L’ancien opposant historique, emprisonné et même condamné à mort avant de devenir en 2010 le premier président démocratiquement élu après des décennies de régimes autoritaires, rejoint aux yeux de ses adversaires et de maints défenseurs de la démocratie les rangs des dirigeants africains se maintenant au pouvoir au-delà du terme prévu, de plus en plus souvent en usant d’arguments légaux.

M. Condé a fait adopter en mars, malgré une contestation déjà vive, une nouvelle Constitution pour, dit-il, “moderniser (les) institutions” et, par exemple, accorder une plus grande place aux femmes et aux jeunes.

Comme la précédente, la Constitution limite le nombre de mandats présidentiels à deux. Mais, pour le pouvoir, son adoption a remis les compteurs à zéro et M. Condé, élu en 2010 et réélu en 2015, était fondé à briguer sa propre succession le 18 octobre.

L’opposition dénonce un “coup d’Etat” constitutionnel.

Depuis un an, ce pays parmi les plus pauvres du monde malgré des ressources minières et hydrologiques considérables, est le théâtre de manifestations plusieurs fois durement réprimées.

Dans un pays coutumier des confrontations politiques sanglantes, les craintes d’une nouvelle éruption autour du 18 octobre se sont confirmées à mesure que le dépouillement préfigurait le succès de M. Condé.
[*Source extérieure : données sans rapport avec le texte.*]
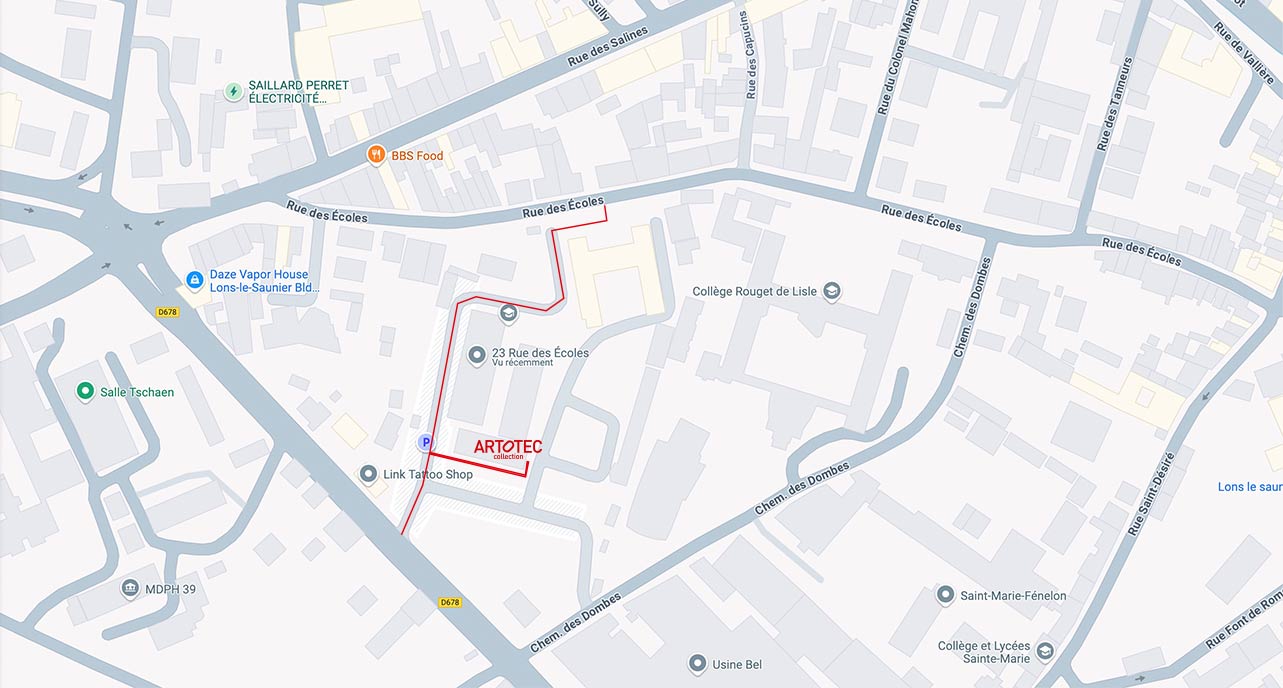 Plan acces_artotec_collection_jura Plan acces_artotec_collection_jura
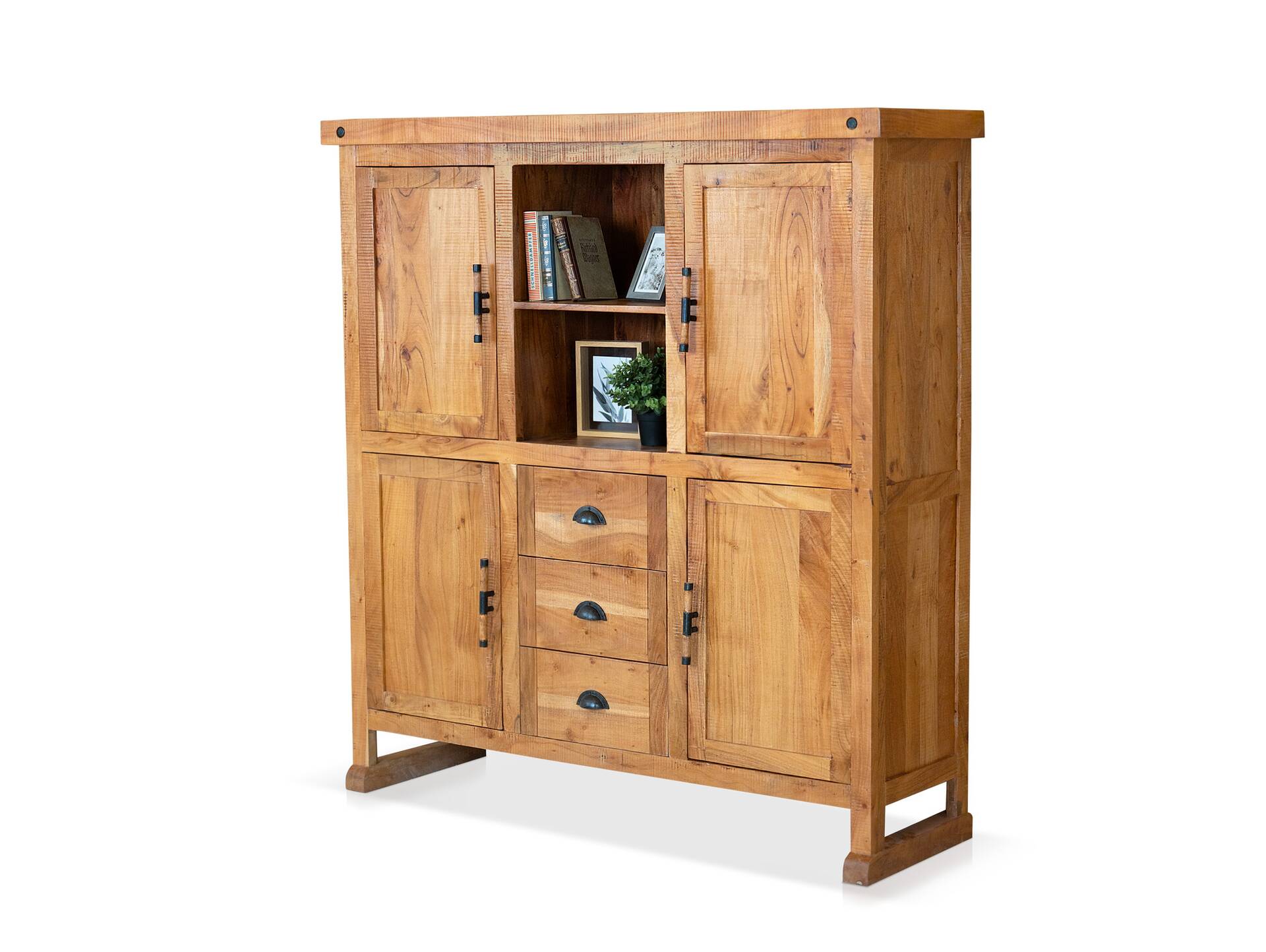 WINCHESTER Highboard IV, Material Massivholz, Mango rustikal 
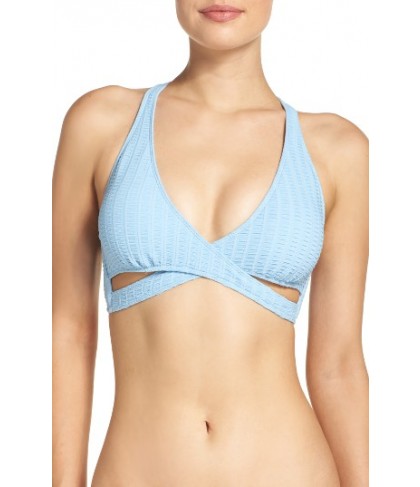 Lucky Brand Sucker For Pretty Faux Wrap Bikini Top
Alors que les observateurs africains ont jugé régulier le déroulement du vote, le camp de M. Diallo a dénoncé une “fraude à grande échelle” au moment de la comptabilisation.

– Doutes occidentaux –

Les Etats-Unis, la France et l’Union européenne ont émis des doutes sur la crédibilité du résultat.

Au moins 46 personnes sont mortes dans la répression des manifestations post-électorales, et plus de 130 civils ont été tués depuis le début de la mobilisation en octobre 2019 selon l’opposition.

Les autorités évoquent des chiffres moindres. Elles refusent que ces morts soient globalement imputées aux forces de sécurité et invoquent la responsabilité des leaders d’opposition qu’elles accusent d’appeler à la violence.

Des défenseurs des droits humains fustigent une dérive autoritaire observée au cours des dernières années de la présidence Condé et remettant en cause les acquis du début.

M. Condé se targue d’avoir fait avancer les droits humains et d’avoir redressé un pays qu’il dit avoir trouvé en ruines.

Il se défendait en octobre sur Radio France Internationale et France 24 de vouloir instaurer une “présidence à vie”. La nouvelle Constitution lui permet théoriquement de se représenter dans six ans, une éventualité sur laquelle il s’est gardé de se prononcer dans cet entretien.